Há outra diferença fundamental: o Tribunal Penal Internacional julga indivíduos, pessoas acusadas de crimes de maior gravidade e de alcance internacional como genocídio e crimes de guerra. A Corte Internacional de Justiça julga os Estados.

No pedido à CIJ, a Ucrânia questionou a alegação da Rússia para a ofensiva militar. Os russos justificaram a invasão ao país como necessária para impedir o crime de genocídio que supostamente estaria acontecendo no leste da Ucrânia. Nessa caso, a Corte julga se houve violação da Convenção do Genocídio por parte da Rússia, o que acontece caso a alegação seja um pretexto falso para interesses territoriais.

O conflito entre os países se intensificou em 2014, em uma disputa pelo território da Crimeia, que foi anexada pela Rússia naquele ano. Os ucranianos resistiram à tentativa de controle e expansão russa, e desde 2021 a presença militar de tropas russas na fronteira entre os países aumentou significativamente, até a invasão em fevereiro do ano seguinte.

A Corte na guerra

Letícia Machado Haertel, mestre em Direito e especialista em Direito Internacional com ênfase em Direitos Humanos, e assessora na Corte Interamericana de Direitos Humanos (Costa Rica), explica que a Rússia “optou por não aceitar a sua jurisdição sobre qualquer disputa a envolvendo”.

Letícia Machado Haertel
Letícia Machado Haertel / Reprodução
“O caso que tramita perante a CIJ é extremamente complexo. Apesar de ser um Estado-parte do Estatuto da Corte, a Rússia optou por não aceitar a sua jurisdição sobre qualquer disputa a envolvendo, o que faz com que a Corte só possa avaliar a invasão da Ucrânia caso a situação represente uma violação de algum tratado ratificado pela Rússia que preveja especificamente o recurso à CIJ em caso de disputas”, explica Letícia.


No âmbito do Direito Internacional, foi instituída a “cláusula facultativa de jurisdição obrigatória”. Esse dispositivo recebe o nome de um ex-diplomata brasileiro, Raul Fernandes, e surge ainda nos trabalhos preparatórios do Estatuto da CPJI (Corte Permanente de Justiça Internacional, antecessora da Corte Internacional de Justiça).

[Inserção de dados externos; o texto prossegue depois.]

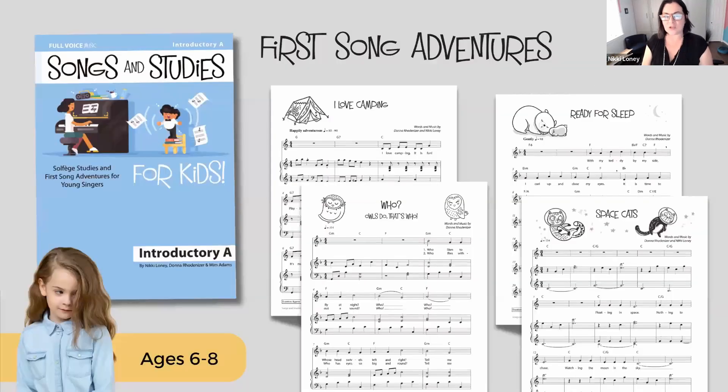For this age group, we've also developed Songs and Studies for Kids. These were specifically researched, tested, and developed with kids ages six to eight — though some colleagues have success with five-year-olds. These were developed for students developing pitch accuracy. The songs are simple and repetitive, most about a minute long, allowing them to learn quickly and have success. Introductory Level B is for the same age group but for students with more experience or those who have completed Level A, ready for slightly longer pieces.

A ideia central era tornar a CIJ um órgão de jurisdição obrigatória ao conjunto da comunidade internacional, sendo todos os Estados do Tratado Constitutivo das Nações Unidas automaticamente parte no Estatuto da Corte. A especialista em Direito Internacional avalia que o argumento da Ucrânia é “inovador”:

“A Ucrânia estruturou toda sua argumentação com base na Convenção sobre Genocídio de 1948, cujo artigo IX prevê a remissão do caso à Corte. Para tal, argumenta que a invasão da Ucrânia pela Rússia foi conduzida com base em um ‘falso pretexto’ de que a Ucrânia teria cometido genocídio da região do Donbas, o que configuraria uma utilização de má-fé da Convenção. O argumento é inovador e sem precedentes, de forma que não é possível antecipar se a Corte irá admiti-lo. O fato de que a Corte determinou em março de 2022 que o pleito ucraniano possuía fundamento o suficiente para que ela pudesse conceder uma tutela provisória, contudo, sinaliza que a Corte ao menos considera admitir o caso e proceder à análise de mérito da disputa”.

O litígio internacional julgado na CIJ ganhou contornos favoráveis ao país autor da ação, quando, em decisão preliminar, a Corte foi favorável à Ucrânia. Com base nessa decisão, foi ordenado que a Rússia cessasse imediatamente as ações militares no país vizinho, o que não foi obedecido.

A Rússia pede o arquivamento do caso, disputando frontalmente a jurisdição da Corte sobre o caso e, no mérito, alegando que teria agido por motivos justos. Os russos ainda acusam a Ucrânia de usar a CIJ como parte de sua narrativa, buscando convencer o mundo da ilegalidade da invasão.

A Corte, por sua vez, iniciou as oitivas dos representantes dos países em guerra. Na última terça-feira (19), Anton Korynevych, representante da Ucrânia, disse aos juízes que os russos estão usando "uma terrível mentira" para atacar seu país.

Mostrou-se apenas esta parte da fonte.